6 julio,2021 5:37 am

Disyuntiva ética

Florencio Salazar

Estoy flotante de curiosidad /

ávido de saber o de sufrirme.

Mario Benedetti.

 

Según Walter Benjamin “el derecho considera que la violencia en manos de personas individuales constituye un peligro para el orden legal”. En esta máxima radica uno de los fines esenciales del Estado: garantizar la vida civilizada imponiendo el arbitraje al conflicto social a través de las normas y del uso de la fuerza legítima. Al evitarse la anarquía por la expresión de la impunidad, se anula el derecho del más fuerte. La aplicación de la ley es un desafío constante porque implica la afectación de intereses; y la defensa de los intereses ilegítimos suele ser la más agresiva.

La ética plantea, entre otras, dos posibilidades para el comportamiento de la persona. En la República de Platón se habla del Anillo de Giges. El Anillo da el poder de hacer invisible a su poseedor, quien puede actuar con absoluta impunidad.

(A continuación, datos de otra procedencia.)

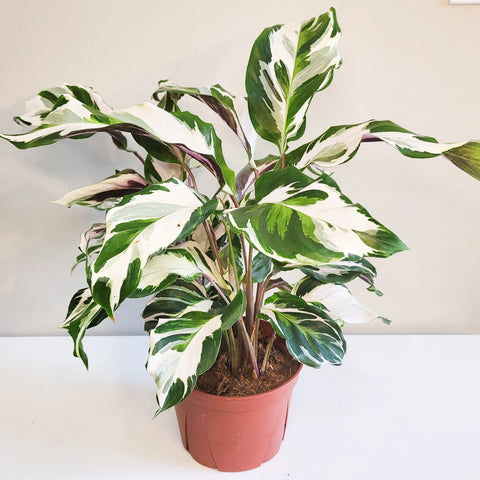 Calathea Lietzei - White Fusion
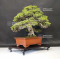 juniperus chinensis itoigawa ref 10090196
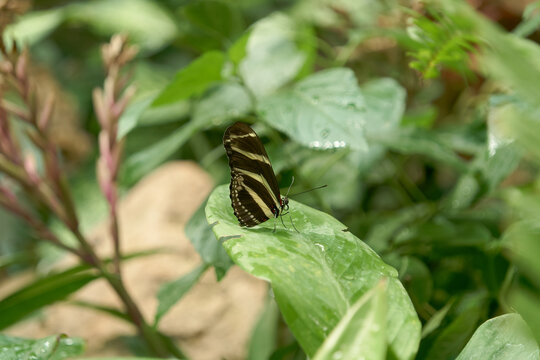 Zebra longwing butterfly rests on a vibrant green leaf with delicate wings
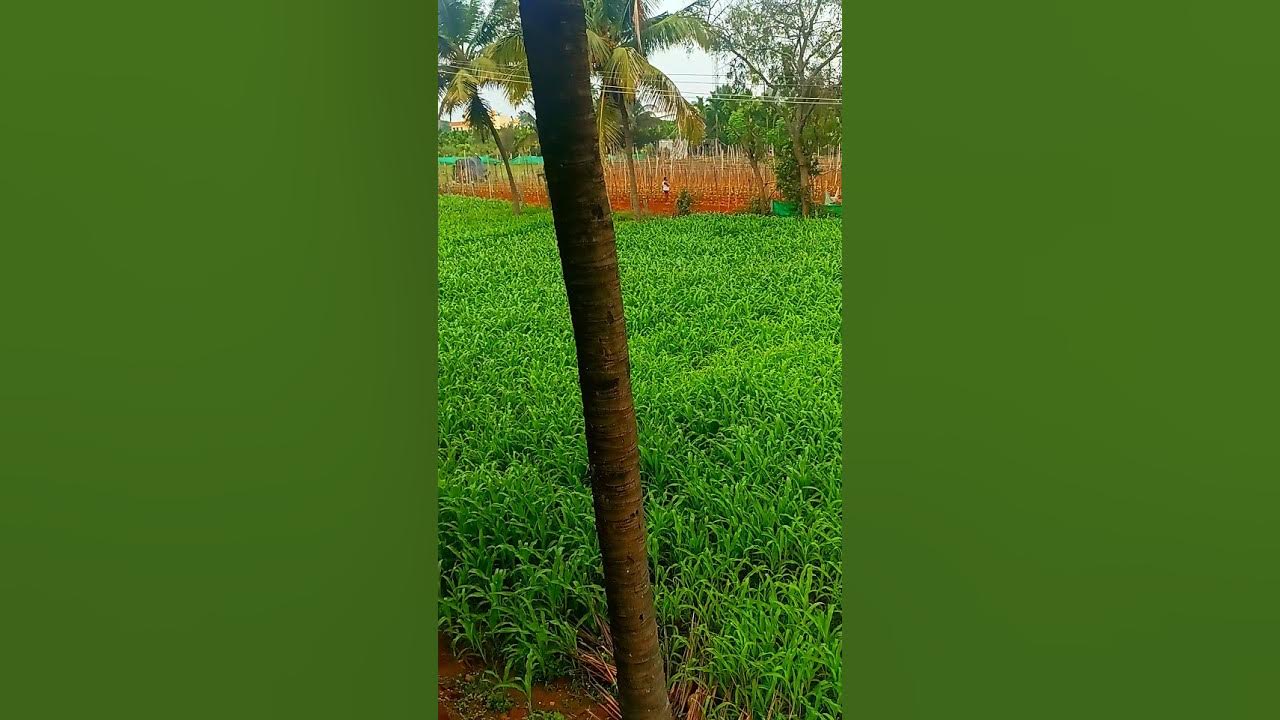 Morning Hits Hard YouTube morning-hits-hard-youtube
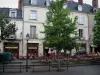 Tours - Maisons, terrasse de café et arbres de la place Plumereau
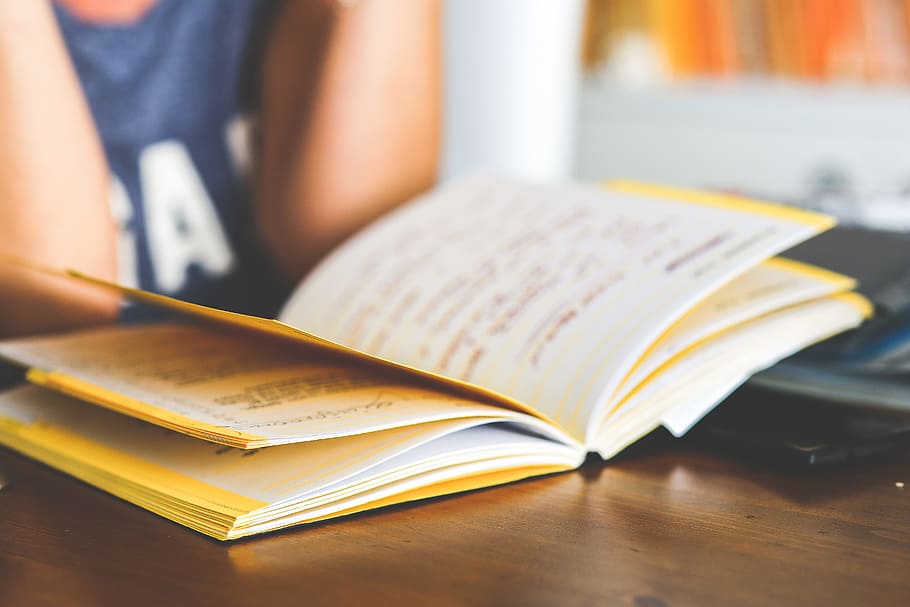 Girl reading a notebook, learning, notes, school, student, university HD wallpaper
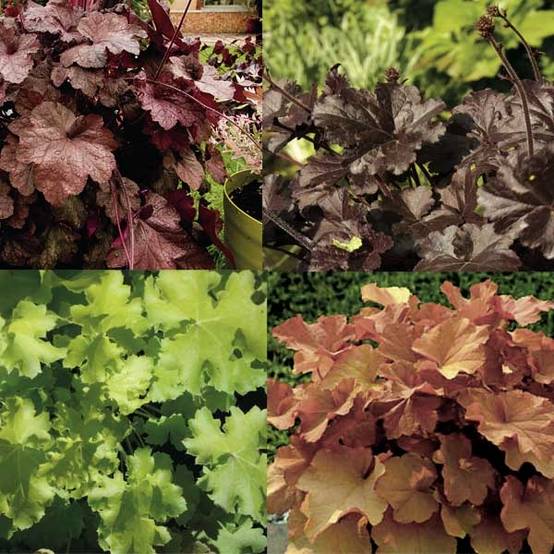 Collection 4 Heucheras - Collection de 4 plantes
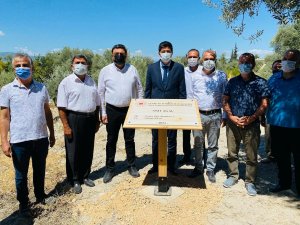 1300 Yıllık Anıt Ağacına Sahip Mut’a 3 Anıt Ağaç Daha Tescillendi
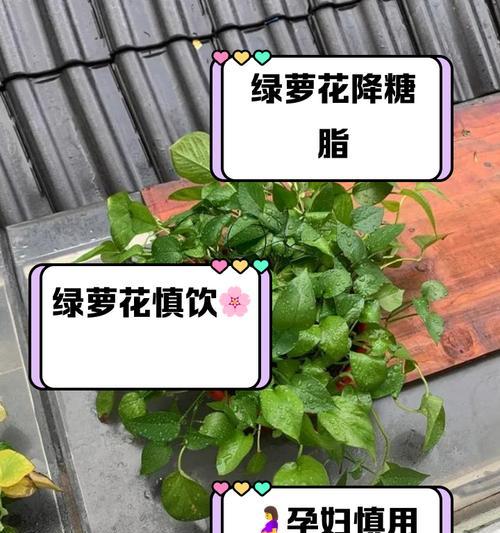 绿萝根部腐烂的原因是什么？如何处理和预防？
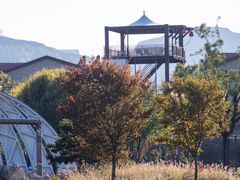 -尹家峪田园综合体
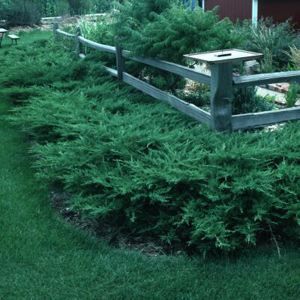 Image courtesy of Greenleaf Nursery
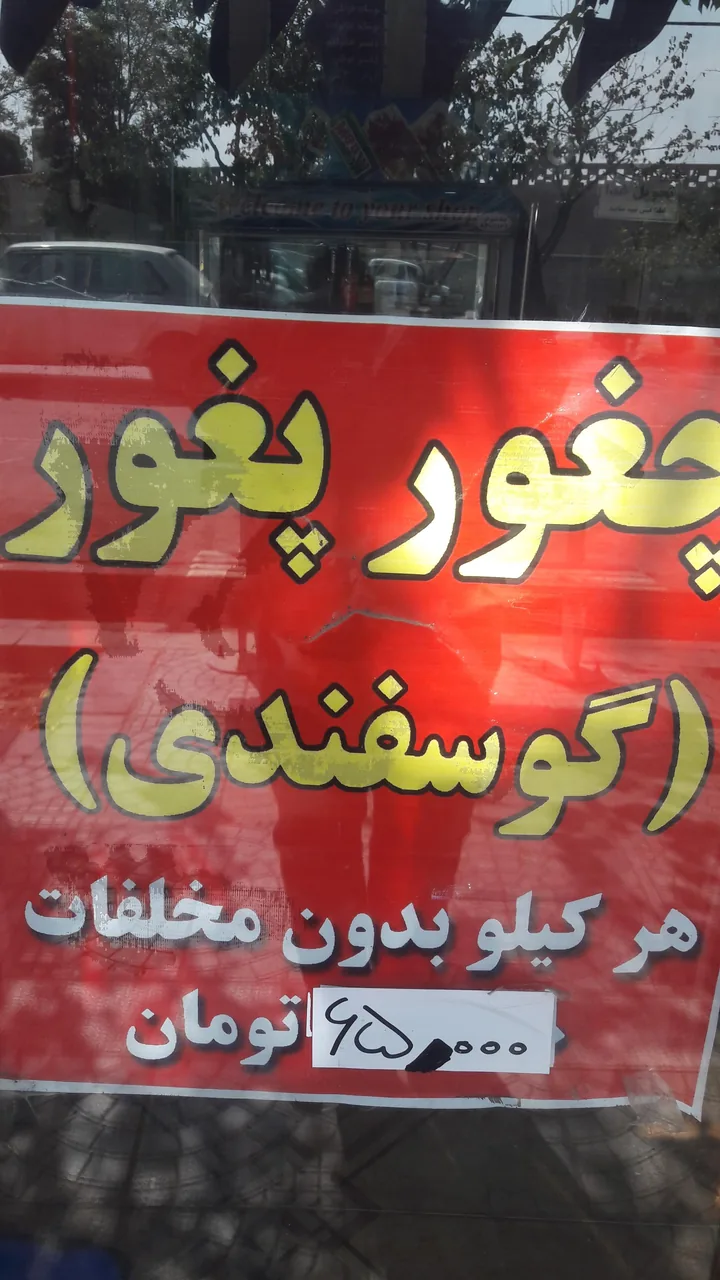 جگرسرای شیراز - تصویر 4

Si se nos presentara la misma oportunidad que a Giges, sin temor a ser sorprendidos, “robaríamos y asesinaríamos para conseguir nuestros propios intereses”, porque “la gente se comporta moralmente por necesidad, porque favorece sus intereses hacerlo, no porque realmente quiera” (Ben Dupré).

La otra posibilidad es la observancia de la Regla de Oro. Esta se refiere a lo que todos ya sabemos: trata a los demás como quieres que te traten. En este caso, la implícita norma moral conlleva el compromiso de quererme, ser respetado y objeto de buen trato. Para lograrlo, debo obsequiar a los demás de la misma manera que deseo ser obsequiado. Así viviríamos en una sociedad en plena armonía. En esta condición no tendría razón de ser el Estado, ya que al cuidarme yo, cuidaría a los demás y todo transcurriría en paz.

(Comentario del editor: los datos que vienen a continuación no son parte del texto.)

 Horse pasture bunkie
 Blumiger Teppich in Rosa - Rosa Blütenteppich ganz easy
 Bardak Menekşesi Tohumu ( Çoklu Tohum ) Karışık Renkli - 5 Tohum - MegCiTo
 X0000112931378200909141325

Son polos opuestos el Anillo de Giges y la Regla de Oro. Paradójicamente el Anillo reprime el abuso, justificando el consenso general para la existencia de un código supremo. Es decir, nos portamos bien o sufriremos las consecuencias. La Regla de Oro, en cambio, es el apotegma ético por excelencia, pero condicionada al comportamiento de que otras personas compartan el mismo sentido moral.

Consideremos, entonces, que en la conducta del individuo pueden ocurrir simultáneamente las dos posibilidades: la tentación de incurrir en actos de abuso y violencia, que se evitan por el riesgo de ser públicamente expuestos; y asumir la conducta moral, que estimula el desarrollo del humanismo. Esto plantea el problema de la sostenibilidad de la misma conducta.

El tema de la conducta es amplio y complejo. Cada generación, a lo largo de las edades históricas, asume cánones éticos que en lo esencial pueden sostenerse en el tiempo, pero que se transforman de acuerdo a los cambios de costumbre y la evolución o características de la sociedad. Gilles Lipovetsky señala que el símbolo de nuestro tiempo es el Narcisismo, “convertido en uno de los temas centrales de la cultura americana”; pero no solo americana, también europea, como puede advertirse en la narrativa  de Michel Houellebecq, que reseña una sociedad vacía; una sociedad líquida, como advierte Bauman.

La política cuando se disocia de la ética se convierte en acción  represiva. Aunque se desdeñe la política y esta sufra la mirada despectiva de los jóvenes, debe quedar claro que sin convicciones democráticas –sistema de creencias plurales– para mejorar las condiciones colectivas, no se puede esperar nada bueno de quienes aspiren a ser invisibles.

Aun con lo iluso que pueda parecer hagamos el esfuerzo de aplicar la Regla de Oro. Siempre será mejor la aspiración de ser mejores.